### Brief
Below is a listing; print exactly its lines from the one containing "Framed canvas vintage" down to the one containing "Numerology Consultant resume", both inclusive, with every picture left out.

Source material: Begin

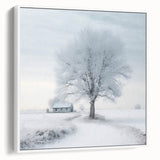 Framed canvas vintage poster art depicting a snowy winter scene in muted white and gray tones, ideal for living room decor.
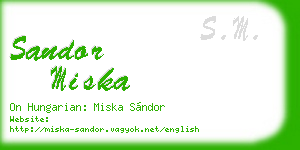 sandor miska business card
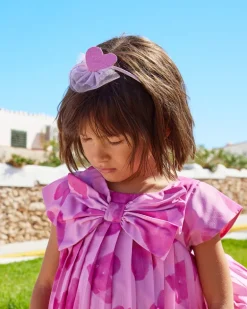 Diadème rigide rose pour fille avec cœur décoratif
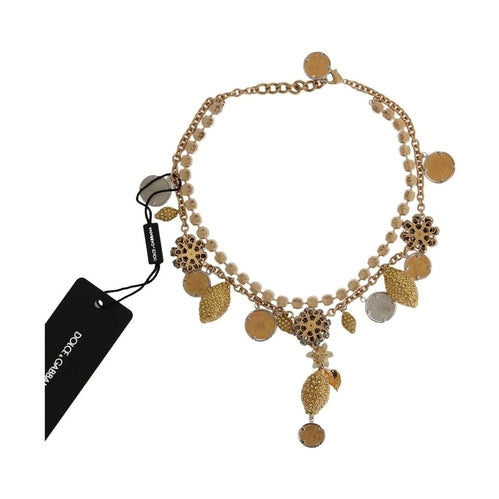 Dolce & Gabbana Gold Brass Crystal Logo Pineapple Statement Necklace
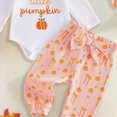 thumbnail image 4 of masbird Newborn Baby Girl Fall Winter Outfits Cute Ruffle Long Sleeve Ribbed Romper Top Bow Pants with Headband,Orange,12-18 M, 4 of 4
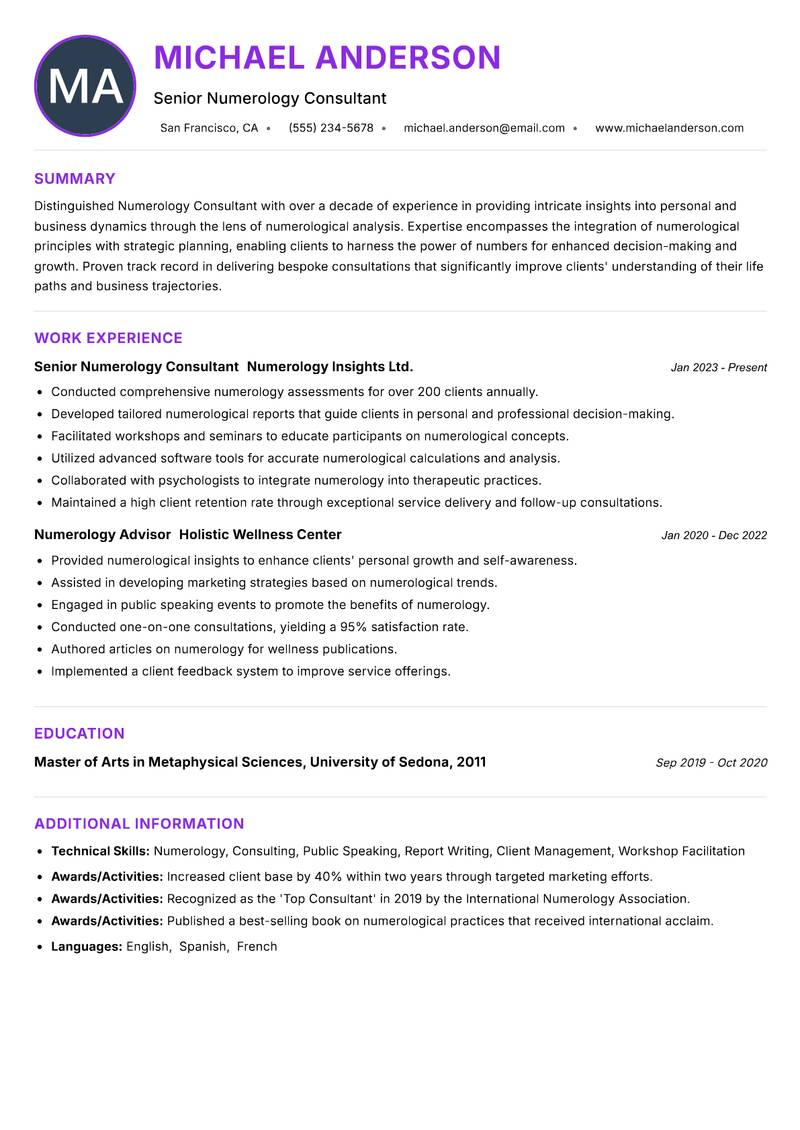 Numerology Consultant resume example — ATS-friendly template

Source material: End
Source material: Begin

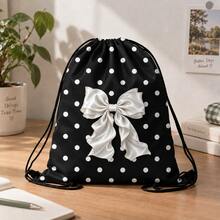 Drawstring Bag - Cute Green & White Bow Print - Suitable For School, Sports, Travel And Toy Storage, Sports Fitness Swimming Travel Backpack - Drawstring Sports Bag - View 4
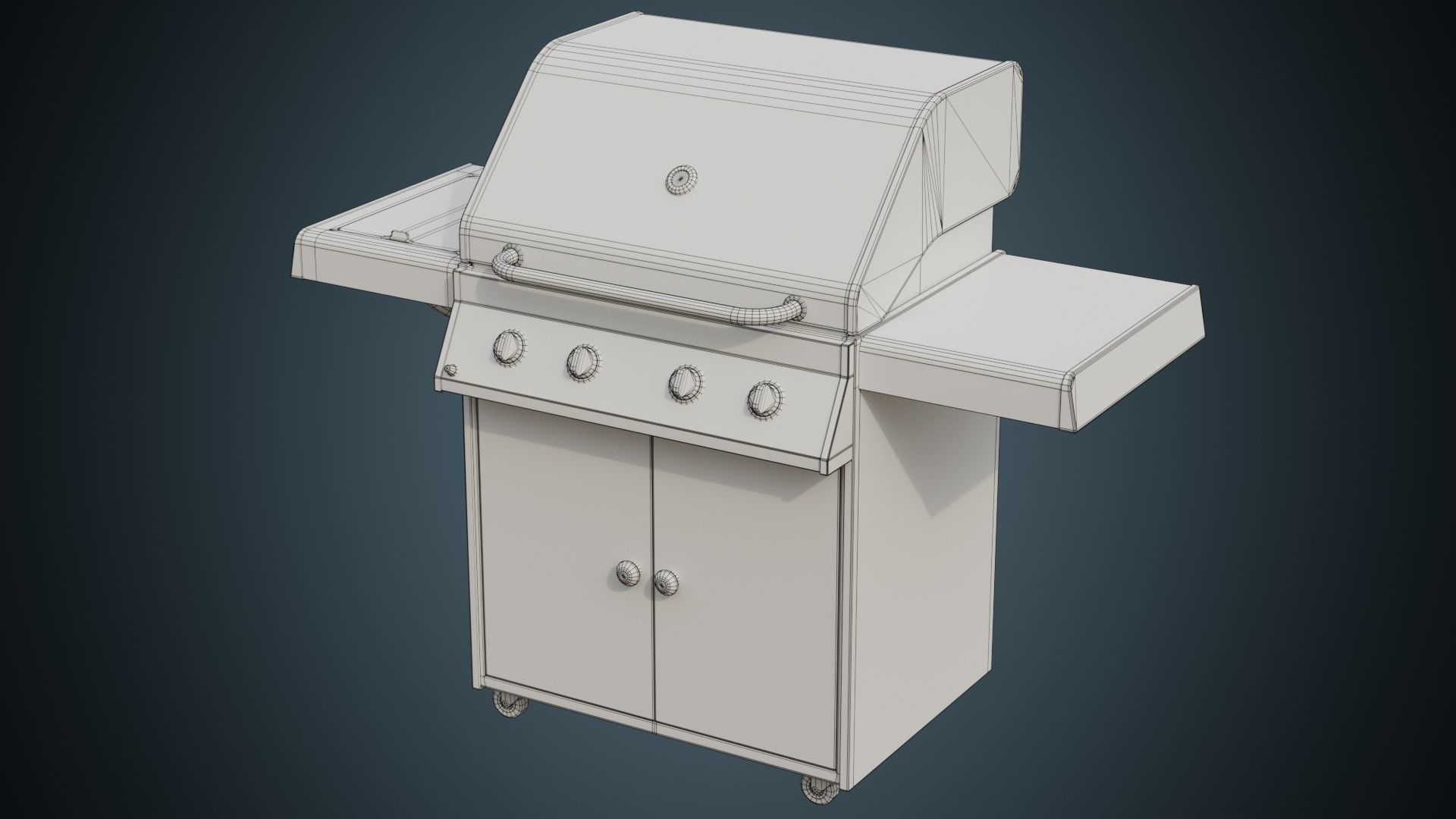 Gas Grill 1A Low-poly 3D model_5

Source material: End

### Answer to the exercise
 Framed canvas vintage poster art depicting a snowy winter scene in muted white and gray tones, ideal for living room decor.
 sandor miska business card
 Diadème rigide rose pour fille avec cœur décoratif
 Dolce & Gabbana Gold Brass Crystal Logo Pineapple Statement Necklace
 thumbnail image 4 of masbird Newborn Baby Girl Fall Winter Outfits Cute Ruffle Long Sleeve Ribbed Romper Top Bow Pants with Headband,Orange,12-18 M, 4 of 4
 Numerology Consultant resume example — ATS-friendly template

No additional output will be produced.